- Given entries
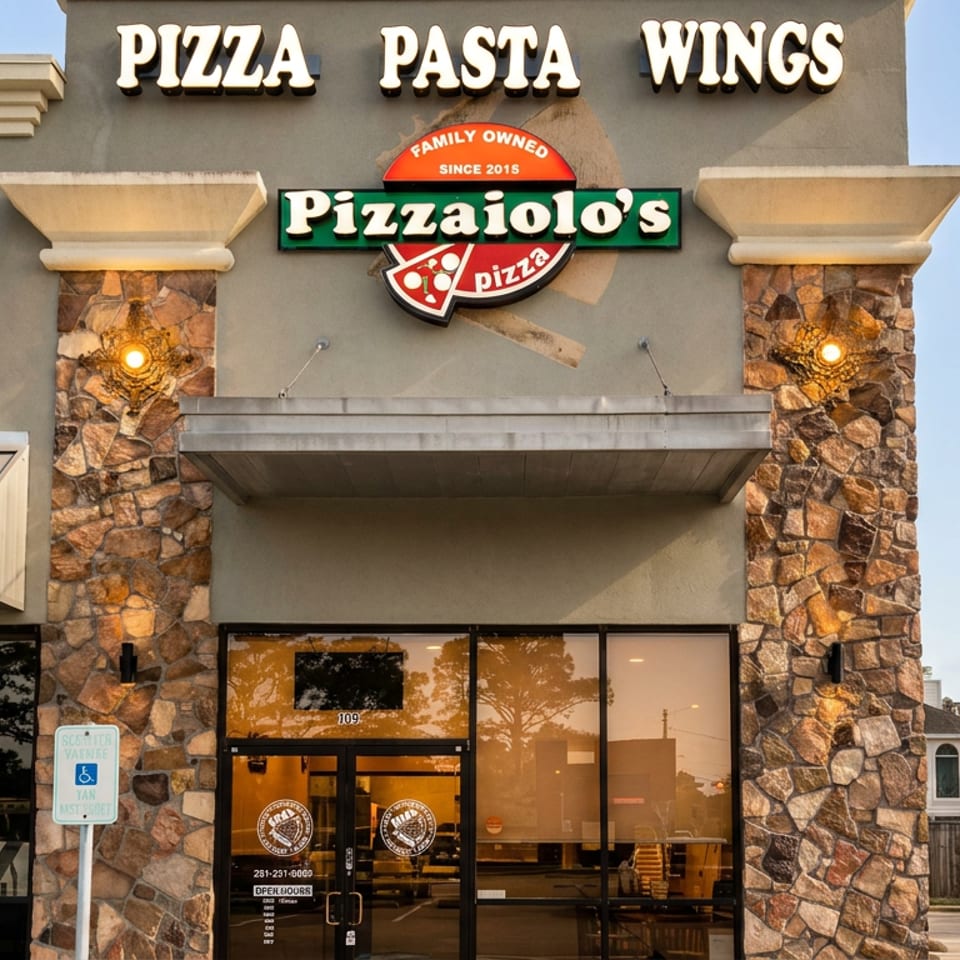 Pizzaiolo’s family-owned restaurant storefront with pizza, pasta, and wings signage, stone columns, and glass entrance.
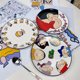 ຈານ Crayon Shin-chan Ceramic Dinner Plate Tableware Home Couple Rice Bowl Steak Plate INS High- Looking Round Plate Shallow Plate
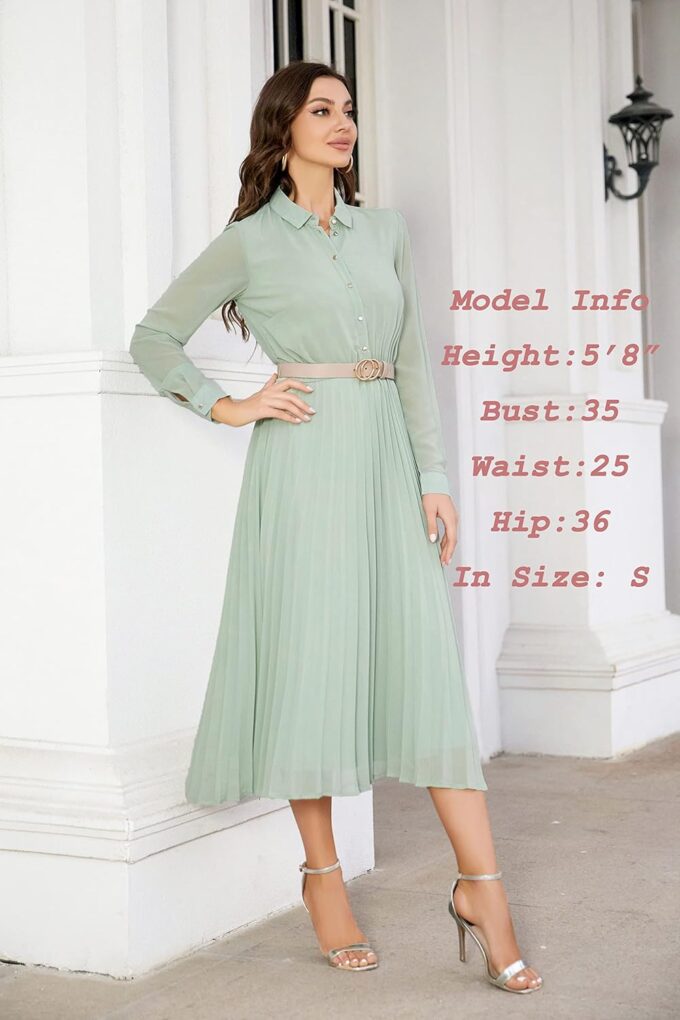 Business Casual Shirt Dress for Women Long Sleeves Pleated Midi Dresses with Belt – Bild 3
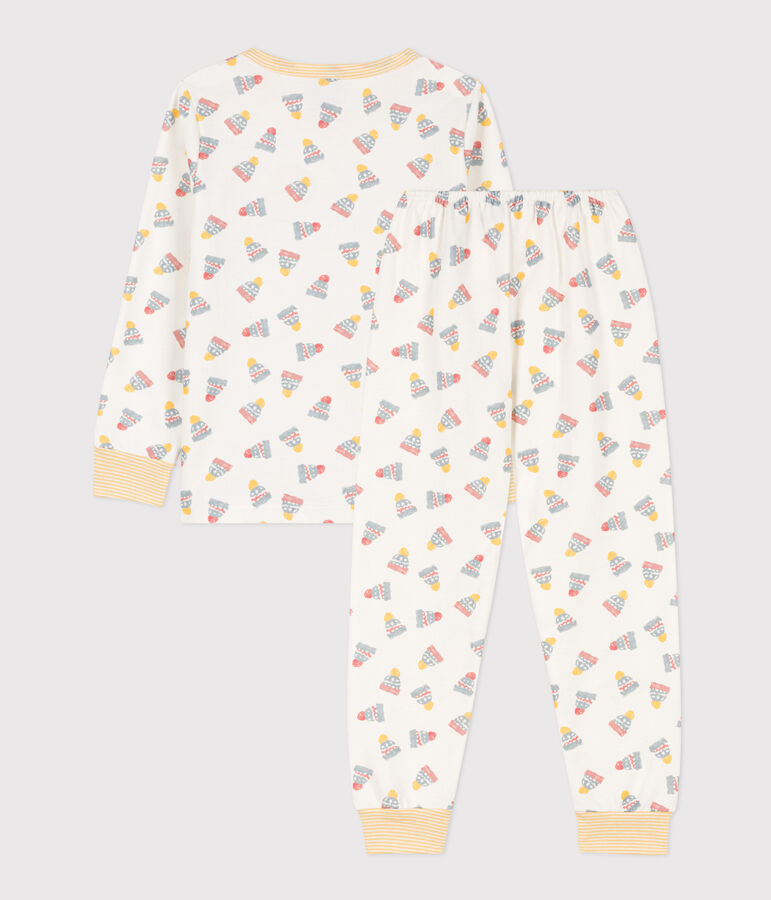 Children's Hat Fleece Pyjamas white/multicolor
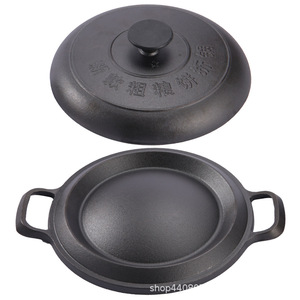<b>Cast</b> Iron Frying Pan Round With Lid Induction Compatible <b>Hand</b> Wash Only - Product Image 1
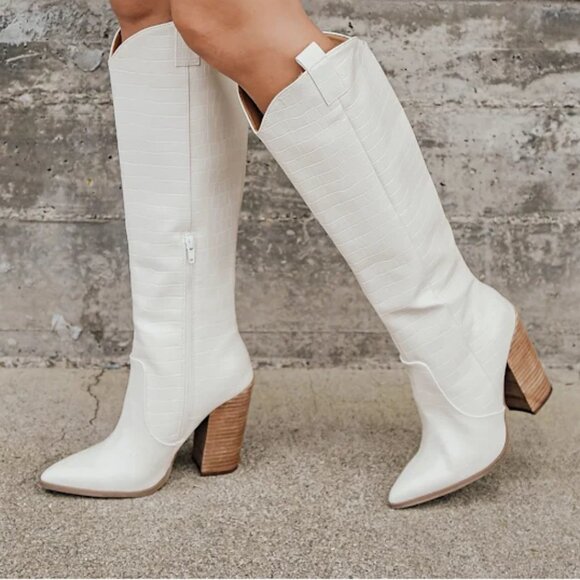 Dolce Vita Vanya Crocodile Embossed Knee High Boots in Bone - Picture 1 of 13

- To do
Give back every line of the material above word for word, leaving out the pictures.

- Answer section
 Pizzaiolo’s family-owned restaurant storefront with pizza, pasta, and wings signage, stone columns, and glass entrance.
 ຈານ Crayon Shin-chan Ceramic Dinner Plate Tableware Home Couple Rice Bowl Steak Plate INS High- Looking Round Plate Shallow Plate
 Business Casual Shirt Dress for Women Long Sleeves Pleated Midi Dresses with Belt – Bild 3
 Children's Hat Fleece Pyjamas white/multicolor
<b>Cast</b> Iron Frying Pan Round With Lid Induction Compatible <b>Hand</b> Wash Only - Product Image 1
 Dolce Vita Vanya Crocodile Embossed Knee High Boots in Bone - Picture 1 of 13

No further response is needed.